Four years ago this May I completed my PhD. It was momentous, certainly, but it was neither the best nor the most memorable day of my life. I was proud of my accomplishments, I was nervous and excited about the future, but mostly I was simply exhausted. Four years have passed, and I have not yet turned my dissertation into a book. I have published, yes, and I have been (very) busy with teaching, research, and service. However, this unpublished dissertation is both a source of shame and a site of extremely conflicted and confusing feelings for me. Given my propensity to mark time and my attempts to recognize my own emotional/professional patterns, I figure there is no time like the present to bring this conversation out of my head and onto the Net. 

Completing one’s degree is not unlike moving into a new phase of a serious relationship, I think. Indeed, the completion of my own PhD coincided with the end of my relationship with my then-partner who was also a PhD student in the same department. This was traumatic, to be sure, but though many of Gwendolyn Beetham‘s statements about her own trouble returning to the dissertation ring true for me, I don’t think my own reluctance to return and revise stems from the same place (it certainly is reassuring to hear someone else think through these issues though!) After the dust of the defense settled I went through the steps to publish my dissertation. I contacted a Big University Press, sent in a proposal and a revised manuscript and then stopped thinking about it entirely. I heard from the Big University Press about a year and a half later: the manuscript had been sent out and unfavourably reviewed by two reviewers (one advised heavy revision, the other advised that the thing should be burned) and so the editor did not feel as though the time was right to go forward with the project. Needless to say, I was devastated. Garments were rend, teeth were gnashed, wine was drunk, tears were shed. There was some yelling, and there was despair. I shelved the thing and did not look at it again for a year. I thought dramatically that there was no point. My career, I decided, was over before it begun.

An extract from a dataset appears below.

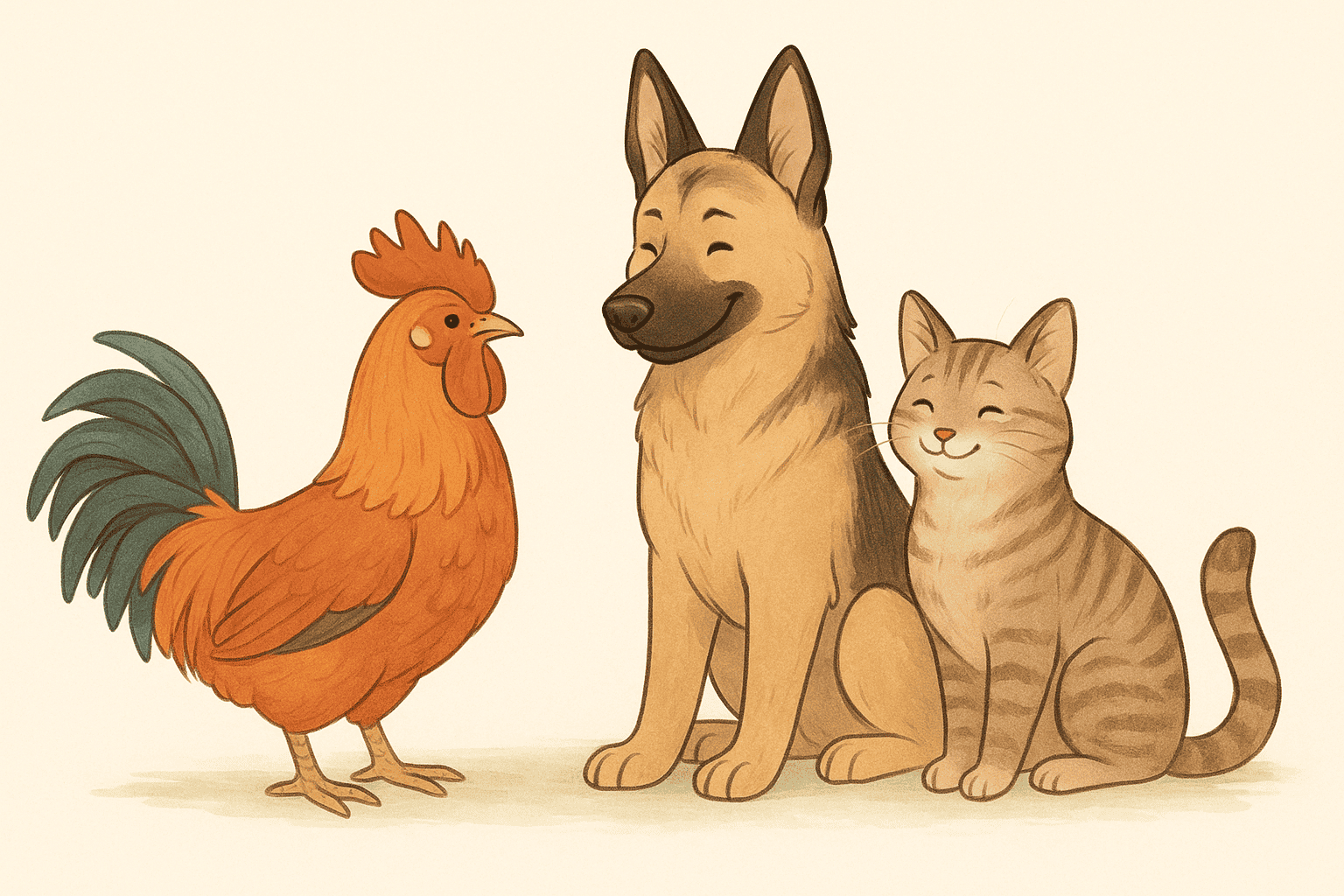 Illustration of a rooster, a German shepherd, and a smiling tabby cat sitting peacefully together on a soft background.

Happily, I have a few mentors in my life who know how to walk that line between caring benefactor and cold authoritarian. ‘Pick yourself up, dust yourself off, and do not tell me that this one bump in the road is enough to derail you,’ wrote one. And so, I did. I have published at least an article a year since my defense, and I am working on a new book project. It is slow going for all of the obvious reasons, first among which is time. But every now and then I look over to my bookshelf and wonder about my dissertation. Should I try to do something more with it? 
If you were to Google ‘dissertation to book’ one of the first articles to pop up is this one from the Chronicle of Higher Education. Leonard Cassuto’s article brings together advice from publishers as well as professors. The advice centres mostly around the perils of putting your dissertation online with ProQuest. Kathryn Hume offers similar cautions. While both of these articles are incredibly interesting, informative, and a little nerve-wracking they both focus heavily on the assumption that one will publish the dissertation as a book. Ultimately, it was Jo VanEvery’s advice that came closest to answering my seemingly inarticulable questions.  She suggests that while there are compelling and indeed career-mobilizing reasons for publishing your dissertation, you may not necessarily choose the manuscript as the ideal format. VanEvery notes that the dissertation is a “particular kind of document” whose primary purpose is to fulfill the requirements of the degree. Most importantly for me, she underscore the necessity of moving forward. 
I may return to the dissertation and heavily revise it. That said, I am really jazzed about the new manuscript project I have begun, so perhaps I’ll only pull a few more articles out of the thing. I am not sure. One thing I do know, however, is that moving forward is essential. 
What about y’all? Did you/will you publish your dissertation as a book?